Volviendo la vista a Francia, este asunto resulta tan cínico como irónico.

Conservadores, socialistas, nacionalistas y comunistas estaban contentos. Yolanda Díaz se felicitó por la victoria de Emmanuel Macron con la grandilocuencia que le caracteriza cuando se pone trascendental: "Hoy, las demócratas de Europa respiramos con alivio. Gracias al pueblo francés, la extrema derecha vuelve a salir derrotada" proclamó en Twitter, no sin introducir a renglón seguido sus pensamientos chulos sobre la crisis social y climática.

No sabíamos que el presidente galo se hubiera convertido, de la noche a la mañana, al ecologismo antinuclear y al socialismo de postín. De hecho, extraña que su liberalismo no le condene al infierno derechista a ojos de Podemos.
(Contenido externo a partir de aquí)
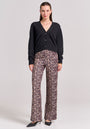 A woman faces forward wearing a black buttoned cardigan, Princess Goes Hollywood Glam-Leo-Print wide-leg pants with an elastic waist, and black pointed-toe heels. She accessorizes with layered gold necklaces and a bracelet.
O a los de su socio de Gobierno, un PSOE entregado al populismo izquierdista por la gracia de Pedro Sánchez. El hundimiento del socialismo histórico en Francia (que la gafe Ada Colau apoyó) guarda un exacto paralelismo con el abrazo pesoísta a los postulados podemitas, esos groseros mandamientos que dictan quiénes somos buenos y quiénes malos en función de nuestra fe woke.

El sanchismo no es Macron, sino el asilvestrado Jean-Luc Mélenchon bajo una pátina de presunto estadismo de Falcon y traje de corte slim. El Gobierno español integra al populismo ecomarxista de género y se sostiene con el apoyo de la xenofobia catalana y vasca, con Arnaldo Otegi, hombre de paz, al fondo.

Desde el Consejo de Ministros emiten, radio macuto, la incansable cháchara del apocalipsis populista, mientras cuelan en el BOE leyes que parecen redactadas por infantes desatados. Una realidad ignorada en Europa, quizás por la pervivencia del exitoso eslogan Spain is different.

Es este un Gobierno ideológico, a la par que mastodóntico, aunque el esforzado sanchismo intente disimularlo. El coste de mantener a Frankenstein resulta tan elevado como poco estético. Buscando entre el fervor general de sus miembros por el victorioso Macron, todo me parece una velada farsa.

El francés, por oposición a nuestros gobernantes, se dirige al electorado, a los ciudadanos en definitiva, libre de anclajes demagógicos. Le habla a la nación presuponiendo que la forman adultos y no niños con derecho a voto. Está, por tanto, a mucha distancia de las prácticas ya enraizadas en la política española, calada de ilusionismo y verborrea al estilo Mélenchon.

Incluso Le Pen, escorada en los valores del esencialismo patrio, del terroir antiélites, se dirige a las clases medias, caladero de votos de Agrupación Nacional, con firmeza republicana, poniendo énfasis en los problemas reales del pueblo.

Naturalmente, sus soluciones tienen un sentido populista, si bien estuvo a punto de dar la campanada gracias a la modulación del discurso chovinista. La debacle del viejo socialismo (Anne Hidalgo), el triunfo del liberalismo, la fortaleza lepenista y el elevado porcentaje de votos que cosechó la nueva izquierda rancia (la moda política trae semejante oxímoron) dibujan un panorama futurible a esta parte de los Pirineos. Teniendo en cuenta, insisto, que esa izquierda la representan aquí el sanchismo y el espacio chulísimo de Díaz, que tarde o temprano celebrarán una bonita unión.